Sliding prices partly reflect dollar surge but are mirrored in all measures
Despite growing political and security concern in the Middle East, the oil market has softened dramatically recently. Perceptions have grown that Saudi Arabia is now as much interested in retaining market share as driving prices higher again in this environment. If so, that’s a downbeat influence in itself for the policy’s duration.
Consequently, the region’s energy-based earnings are diminishing, unless and until a rebound occurs in the winter season, and/or Opec decides at its late November meeting to seek output cuts as a remedy.

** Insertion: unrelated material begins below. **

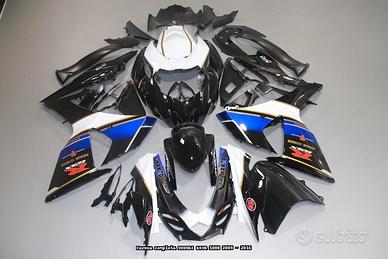 Prezzo speciale Carena SUZUKI GSX-R 1000 2009 2016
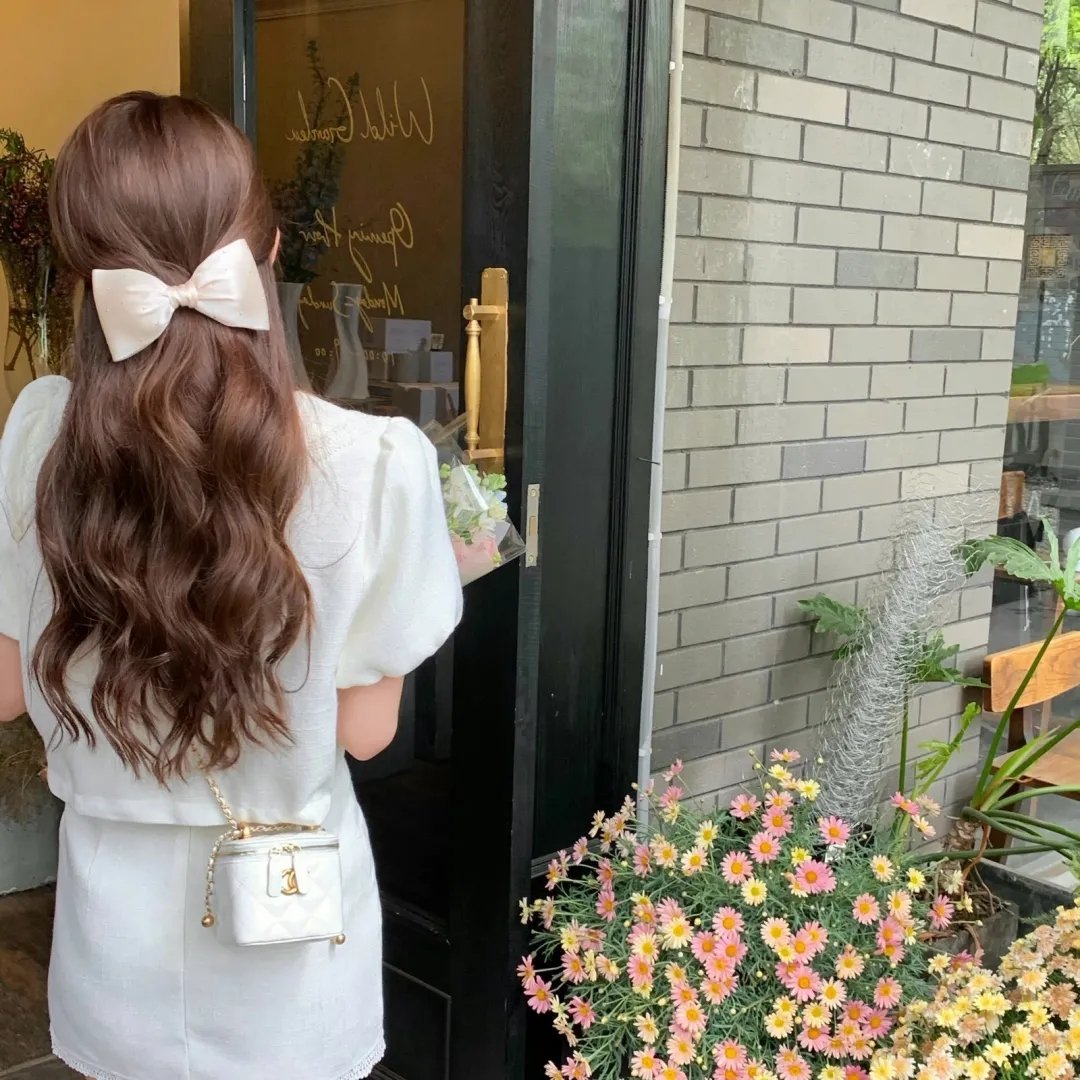 奇妙的来来去去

Yet, a distinctly sluggish world economy appears the greater issue, and it may take a period of lower prices to help secure a revival there.
Ironically, Western policymakers are even worried that the boost to real income that they should welcome in this regard is of lesser importance than the disinflationary effect, i.e. deflating price indexes, which is taken somehow to be regrettable in a world awash with debt that needs working out. More on that another day.

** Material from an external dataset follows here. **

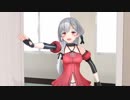 【アイドル部MMD】かなり危険な女は生徒会室に来たそうです【再現】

It has already been reflected upon here that the Gulf is caught in the countervailing crosswinds of a rising US dollar on the one hand and falling oil prices on the other, which are offsetting factors in terms of the accruing international purchasing power of hydrocarbon export receipts.
Both trends have attained some momentum, and to some degree interact. As often cited in market reports these days, dollar strength translates into weakening in the call for crude from non-dollar blocs, given the relative expense then of imports.
To what extent is that phenomenon of counterpart variables a given, though? Does it effectively mean that oil prices should be viewed in some underlying sense, by way of a currency basket, to assess the position of supply and demand? And what does history show on the inverse correlation of oil and dollar?
Fawad Razaqzada, technical analyst at Forex.com, told me last week that the relationship was imperfect and has anyway fractured in the past few days. Moreover, the idea of the dollar’s correlation with commodities is better seen in the price of gold.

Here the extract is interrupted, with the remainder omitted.